■ Stored data
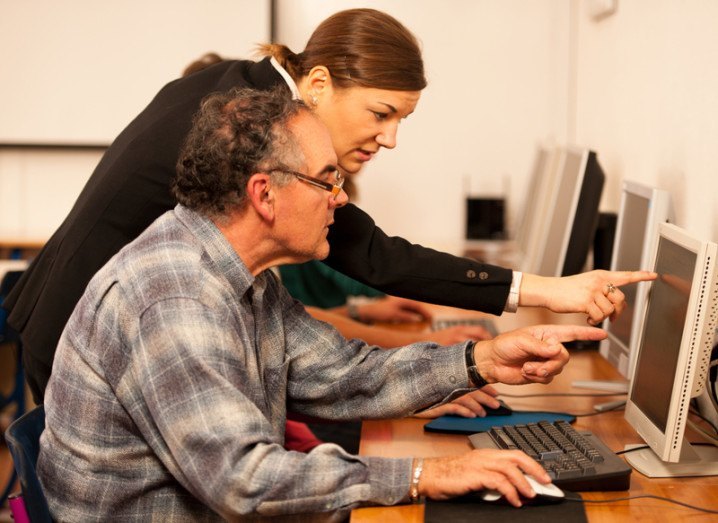 Women: woman teaching man how to use computer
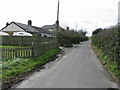 Houses on the E side of Alland Grange Lane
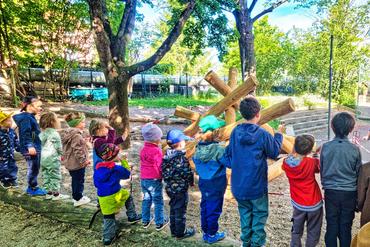 Auf diesem Bild sind viele Kinder des Kindergartens zu sehen. Sie schauen sich gemeinsam das neue Klettergerüst an.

■ Exercise
Everything in the listing except the pictures must be reproduced exactly.

■ Answer to this exercise
 Women: woman teaching man how to use computer
 Houses on the E side of Alland Grange Lane
 Auf diesem Bild sind viele Kinder des Kindergartens zu sehen. Sie schauen sich gemeinsam das neue Klettergerüst an.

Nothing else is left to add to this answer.